Prima del colloquio, Trump aveva definito Netanyahu “un ottimo premier” e un “eroe di guerra”, arrivando a dire che senza di lui “Israele oggi non esisterebbe” e auspicando anche una grazia nel suo processo penale. Il presidente americano ha inoltre promesso il massimo impegno degli Stati Uniti per recuperare i resti di Ran Gvili, l’ultimo ostaggio israeliano ancora nelle mani di Hamas: “Faremo tutto il possibile per riportarli indietro”.
Trump spinge ma lo stallo permane
L’incontro di Mar-a-Lago è il quinto tra Trump e Netanyahu da quando il presidente statunitense è tornato alla Casa Bianca. Washington avrebbe voluto sfruttare il vertice per spingere sulla seconda fase del cessate il fuoco a Gaza, che prevede la fine del controllo di Hamas sulla Striscia, la ricostruzione sotto supervisione internazionale, la creazione di una forza di sicurezza multinazionale e un percorso di normalizzazione tra Israele e il mondo arabo, con possibili prospettive per uno Stato palestinese. Al momento, però, Israele e Hamas non hanno formalizzato alcun impegno sulla nuova fase e continuano ad accusarsi reciprocamente di violazioni della prima.

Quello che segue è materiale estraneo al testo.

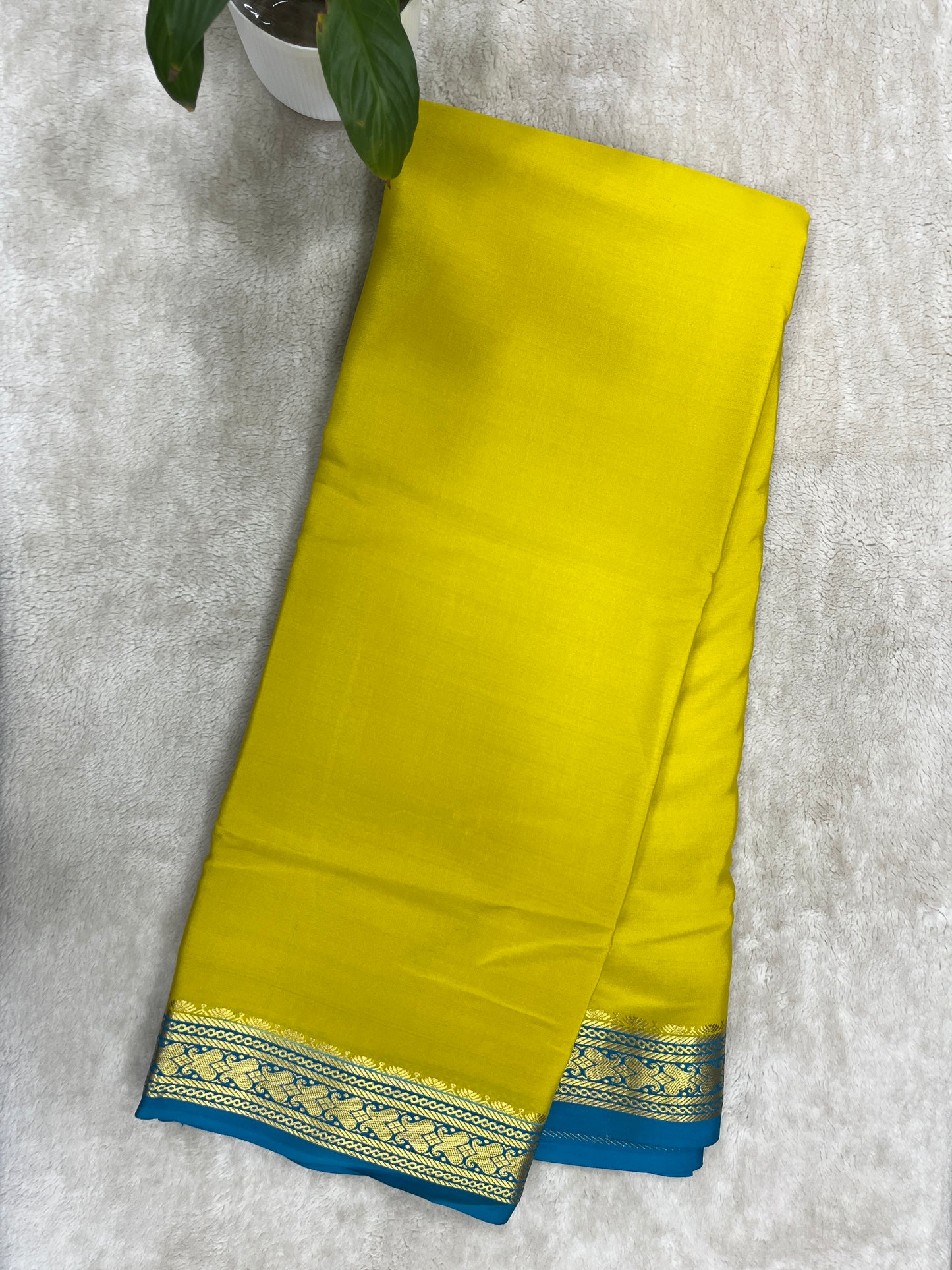 pure crepe mysore silk - patti border - 1146001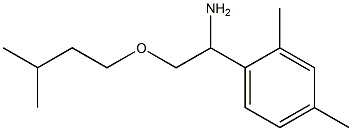 1-(2,4-dimethylphenyl)-2-(3-methylbutoxy)ethan-1-amine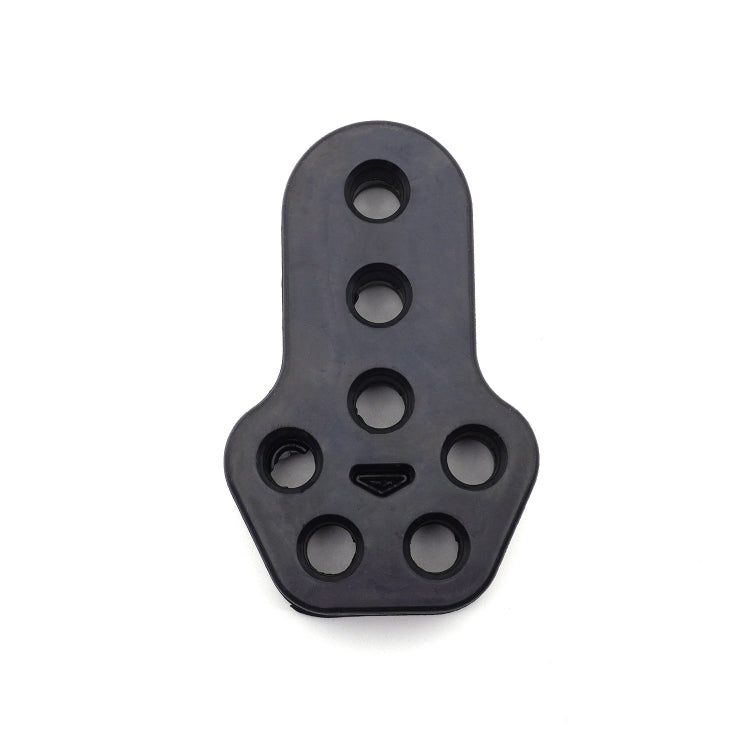 XH-6282 7 Holes Car Exhaust Hanger Bushing Muffler Rubber Insulator Mount Bracket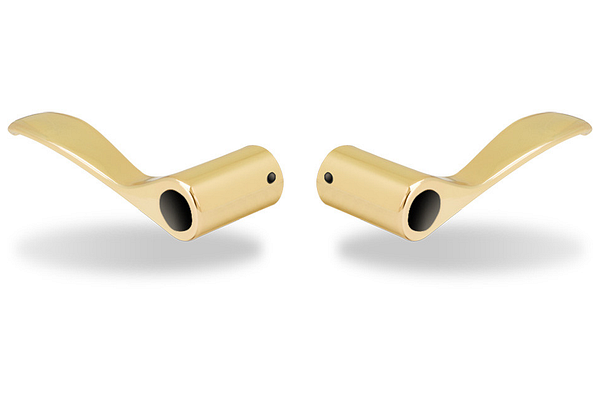 Crestron Lever Pair for Yale Lever Locks, Milan, Polished Brass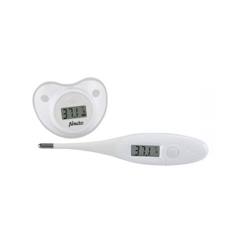 Puériculture-Set thermomètre + thermomètre sucette digitale - Blanc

Per Netanyahu, il sostegno americano resta cruciale non solo sul piano internazionale, ma anche su quello interno. Il premier guarda alle elezioni del 2026 con una coalizione indebolita da profonde divisioni e da due anni di guerra che hanno segnato la società israeliana. I dossier di Gaza, Hezbollah e Iran restano centrali, mentre sul fronte libanese Israele minaccia di riprendere un’offensiva su larga scala se il governo di Beirut non rispetterà la scadenza di Capodanno per il disarmo di Hezbollah, che dal canto suo ha già escluso di deporre le armi finché continueranno i raid dell’Idf nel sud del Paese.